[[ Material for this exercise open ]]

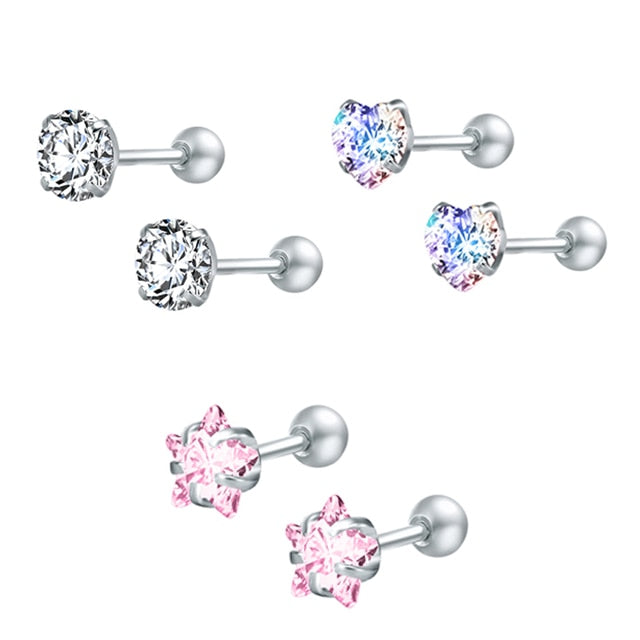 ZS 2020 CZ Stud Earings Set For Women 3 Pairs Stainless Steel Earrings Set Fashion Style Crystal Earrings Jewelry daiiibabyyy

[[ Material for this exercise closed ]]
[[ Material for this exercise open ]]

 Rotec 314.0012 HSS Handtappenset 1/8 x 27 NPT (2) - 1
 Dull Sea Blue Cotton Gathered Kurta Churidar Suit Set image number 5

[[ Material for this exercise closed ]]

Leave out every line above except those from the line with "Rotec 314.0012 HSS" up to and including the line with "Dull Sea Blue", and copy those exactly.

 Rotec 314.0012 HSS Handtappenset 1/8 x 27 NPT (2) - 1
 Dull Sea Blue Cotton Gathered Kurta Churidar Suit Set image number 5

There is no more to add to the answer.